Brief descriptive captions:

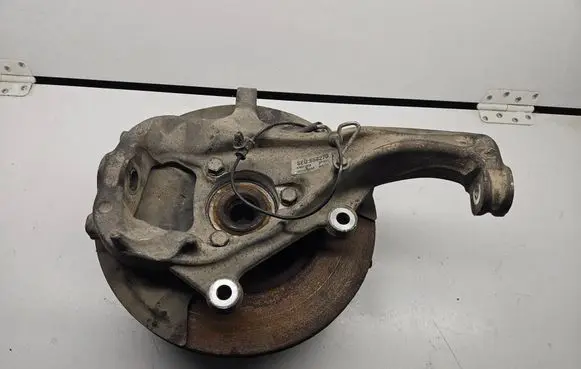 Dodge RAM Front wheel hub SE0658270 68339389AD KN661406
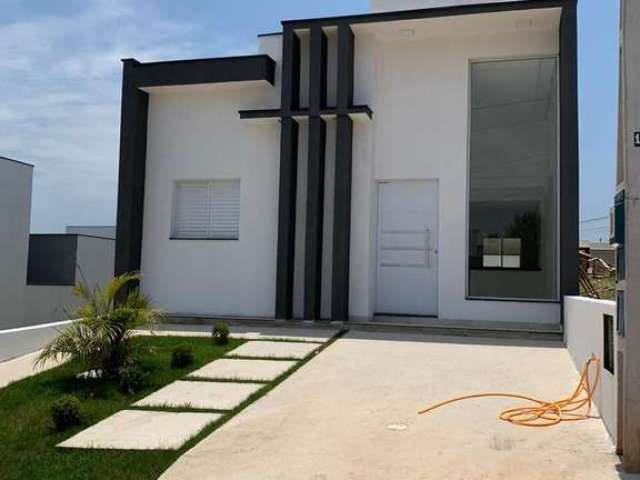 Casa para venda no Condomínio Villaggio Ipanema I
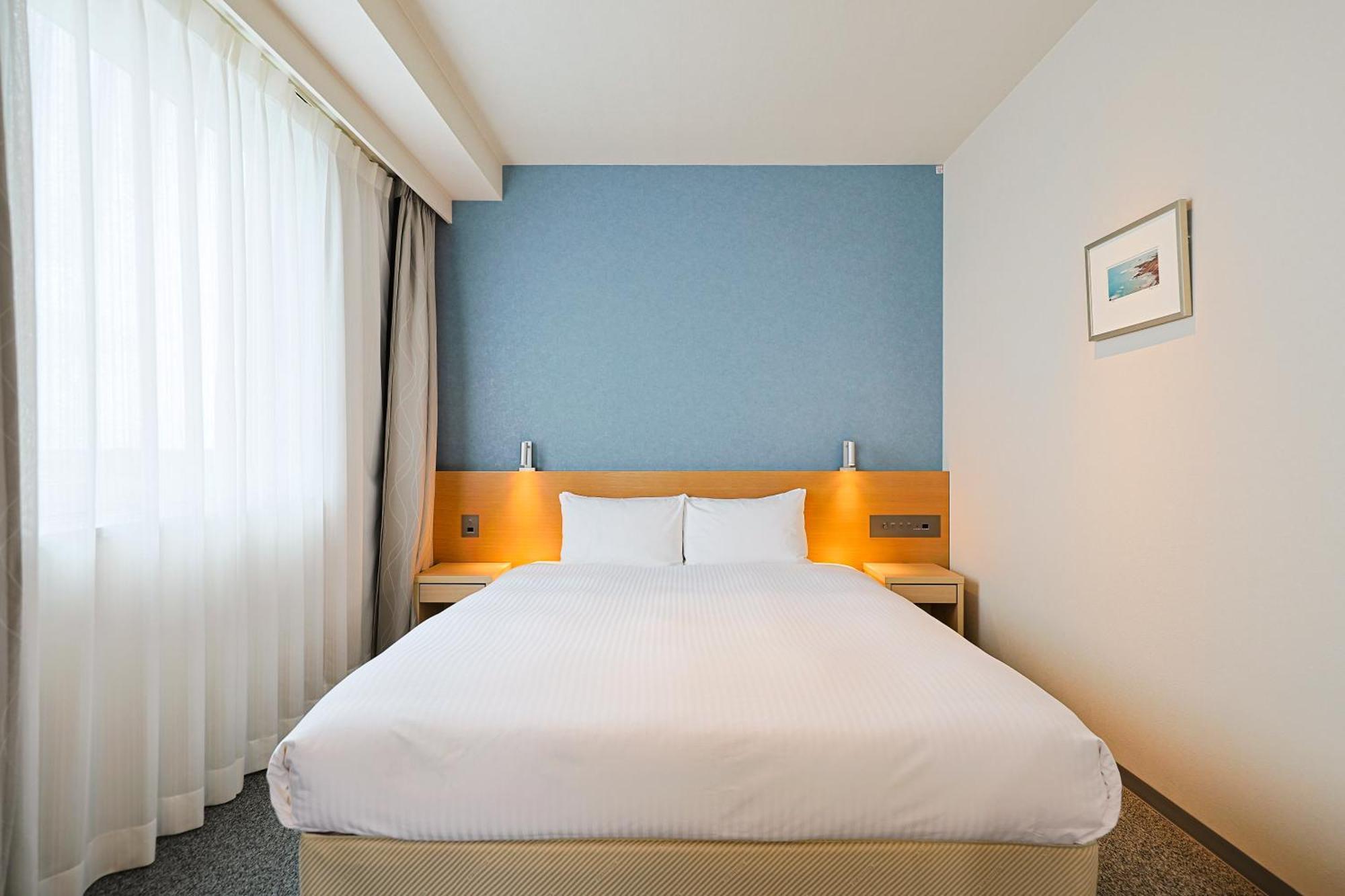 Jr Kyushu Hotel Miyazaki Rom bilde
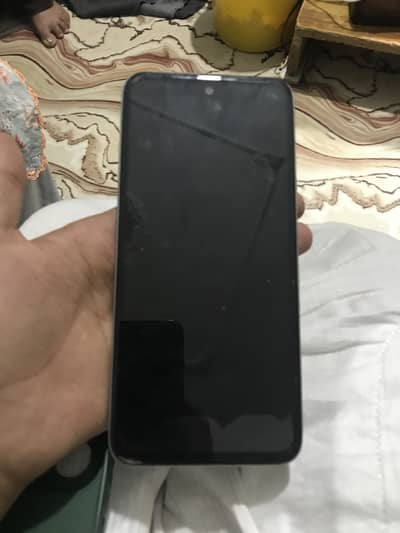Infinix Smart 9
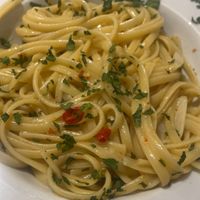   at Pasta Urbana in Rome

→ **WORK TO COMPLETE**: Retype, without any picture, exactly the lines from the one with "Casa para venda" through the end of the entries, inclusive.

→ **ANSWER TO THIS TASK**:
 Casa para venda no Condomínio Villaggio Ipanema I
 Jr Kyushu Hotel Miyazaki Rom bilde
Infinix Smart 9
   at Pasta Urbana in Rome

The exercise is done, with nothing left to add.